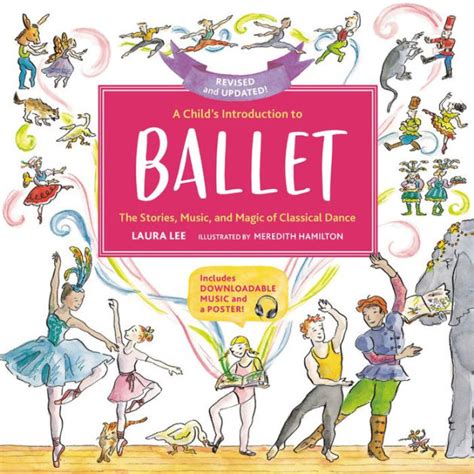 A Child's Introduction to Ballet: T Doc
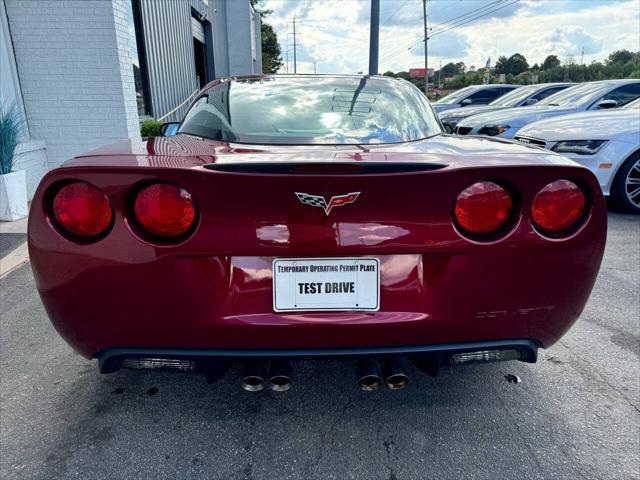 used 2007 Chevrolet Corvette car, priced at $21,999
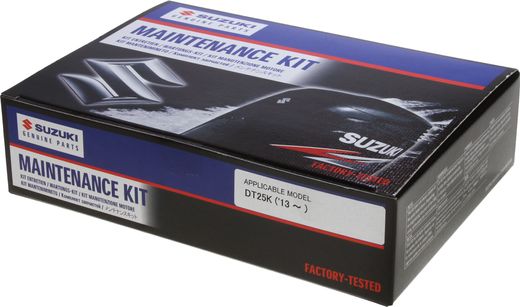Сервисный набор ТО Suzuki DT25K (с 2013-)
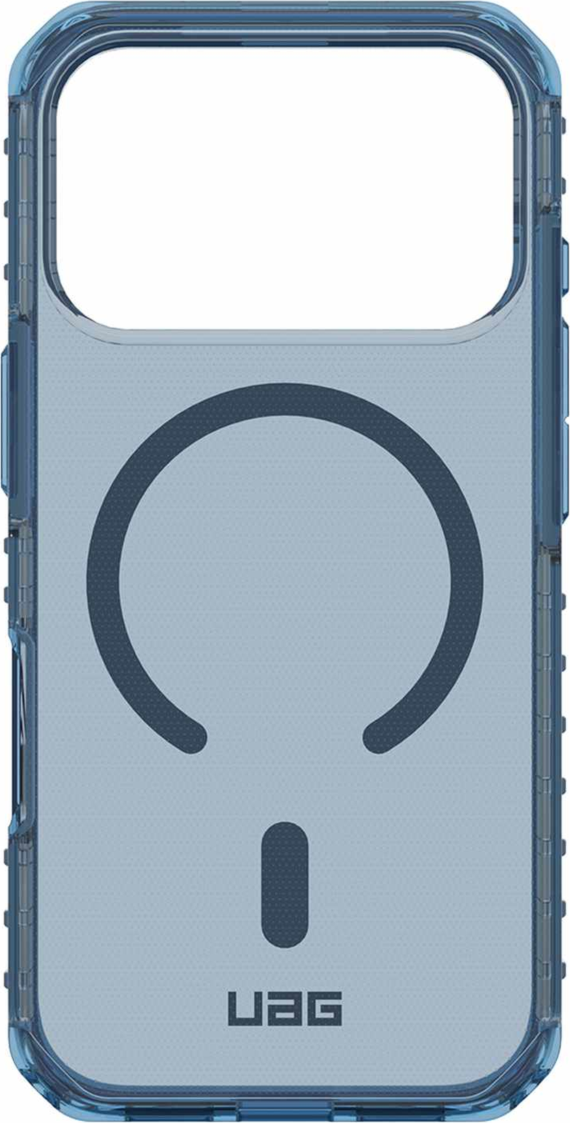 UAG - Plyo LT MagSafe Case Cloud Blue/Mallard for iPhone 18 Pro/17 Pro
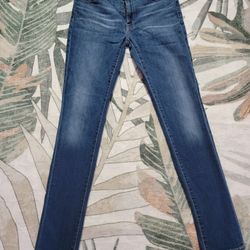 7 For All Mankind Women's Jeans Size 28 Style Roxanne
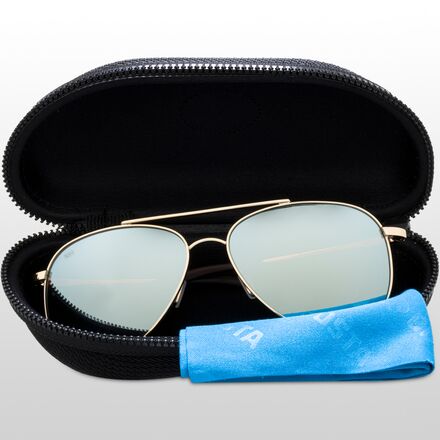 COSTA Sunglasses, Uni-Sex, Polarized 580G, “COOK” Costa Del Mar Cook 580G Polarized Sunglasses - J&H Tackle main image 4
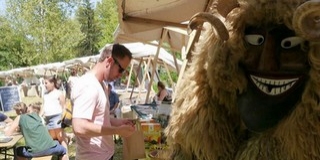 Ízelítő értékeinkből: a mohácsi halászlét is megkóstolhatták a vendégek Orfűn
════
Repeat all the data as it stands, dropping any images it holds.

 A Child's Introduction to Ballet: T Doc
 used 2007 Chevrolet Corvette car, priced at $21,999
Сервисный набор ТО Suzuki DT25K (с 2013-)
 UAG - Plyo LT MagSafe Case Cloud Blue/Mallard for iPhone 18 Pro/17 Pro
 7 For All Mankind Women's Jeans Size 28 Style Roxanne
 COSTA Sunglasses, Uni-Sex, Polarized 580G, “COOK” Costa Del Mar Cook 580G Polarized Sunglasses - J&H Tackle main image 4
 Ízelítő értékeinkből: a mohácsi halászlét is megkóstolhatták a vendégek Orfűn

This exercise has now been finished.